Consequently, key money managers have been driving this bullishness. Peconic Partners LLC, managed by William Harnisch, assembled the most valuable position in WESCO International, Inc. (NYSE:WCC). Peconic Partners LLC had $12.9 million invested in the company at the end of the quarter. Carl Tiedemann and Michael Tiedemann’s TIG Advisors also made a $10.7 million investment in the stock during the quarter. The other funds with brand new WCC positions are Joseph Samuels’s Islet Management, Sara Nainzadeh’s Centenus Global Management, and Louis Bacon’s Moore Global Investments.
Let’s now take a look at hedge fund activity in other stocks – not necessarily in the same industry as WESCO International, Inc. (NYSE:WCC) but similarly valued. We will take a look at Dorman Products Inc. (NASDAQ:DORM), Amicus Therapeutics, Inc. (NASDAQ:FOLD), Insight Enterprises, Inc. (NASDAQ:NSIT), and Ultragenyx Pharmaceutical Inc (NASDAQ:RARE). This group of stocks’ market caps are closest to WCC’s market cap.
Ticker | No of HFs with positions | Total Value of HF Positions (x1000) | Change in HF Position |
---|---|---|---|
DORM | 13 | 54185 | -2 |
FOLD | 35 | 854075 | 7 |
NSIT | 18 | 125686 | -3 |
RARE | 18 | 210193 | -1 |
Average | 21 | 311035 | 0.25 |
View table here if you experience formatting issues.
As you can see these stocks had an average of 21 hedge funds with bullish positions and the average amount invested in these stocks was $311 million. That figure was $631 million in WCC’s case. Amicus Therapeutics, Inc. (NASDAQ:FOLD) is the most popular stock in this table. On the other hand Dorman Products Inc. (NASDAQ:DORM) is the least popular one with only 13 bullish hedge fund positions. WESCO International, Inc. (NYSE:WCC) is not the most popular stock in this group but hedge fund interest is still above average. This is a slightly positive signal but we’d rather spend our time researching stocks that hedge funds are piling on.
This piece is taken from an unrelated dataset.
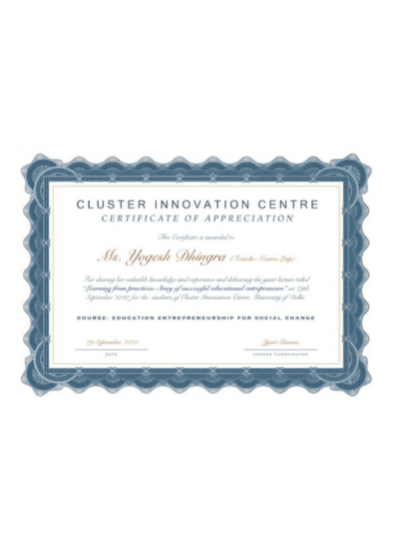 Certification of appreciation for session “Learning from practices: Story of successful educational entrepreneurs” for students studying M.Sc (Mathematics Education) and B.Tech (IT & Mathematical Innovation) at the Cluster Innovation Centre, University of Delhi on September, 2020.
Our calculations showed that top 20 most popular stocks among hedge funds returned 41.3% in 2019 and outperformed the S&P 500 ETF (SPY) by 10.1 percentage points. These stocks lost 17.4% in 2020 through March 25th but beat the market by 5.5 percentage points. Unfortunately WCC wasn’t nearly as popular as these 20 stocks and hedge funds that were betting on WCC were disappointed as the stock returned -57.7% during the same time period and underperformed the market. If you are interested in investing in large cap stocks with huge upside potential, you should check out the top 20 most popular stocks among hedge funds as many of these stocks already outperformed the market so far this year.